By using AI to generate and simplify data processes across electronic medical records (EMRs), care facilities are giving physicians more face time to address patient concerns. The tools enabled by AI and machine learning algorithms can more quickly and definitively diagnose problems. Then doctors and nurses can spend time on the vital human elements of their work, making patients feel heard and cared for.

Where staffing is low, robotics and AI are even coming together to support care facilities. Such is the case with YuMi, a robotic nurse designed to make the rounds.

As AI algorithms and processes improve, these systems will help streamline care. This means more valuable patient time and better care solutions.

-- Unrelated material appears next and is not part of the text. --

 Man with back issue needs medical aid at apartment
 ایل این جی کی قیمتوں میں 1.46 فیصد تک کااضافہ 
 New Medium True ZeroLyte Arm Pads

Blurring the Lines Between Tech and Reality

Increasingly, tech that augments or digitalizes reality is being used to enhance the possibilities of healthcare. Augmented reality (AR) and virtual reality (VR), tech that superimposes images over the physical world or creates a new digital one, respectively, are being used to both train physicians and treat patients.

A study by University College London and ICREA-University Barcelona, for example, has found the use of virtual reality to simulate comforting a child has been effective in treating patients with depression, as they then learn to express compassion for themselves. Meanwhile, researchers are building virtual, 3D models of bodies and cells to study and learn better treatments and care strategies.

With the integration of 5G wireless technology, VR and AR technologies can more seamlessly communicate with online databases for more realistic and resounding care experiences, opening up many doors in care possibilities.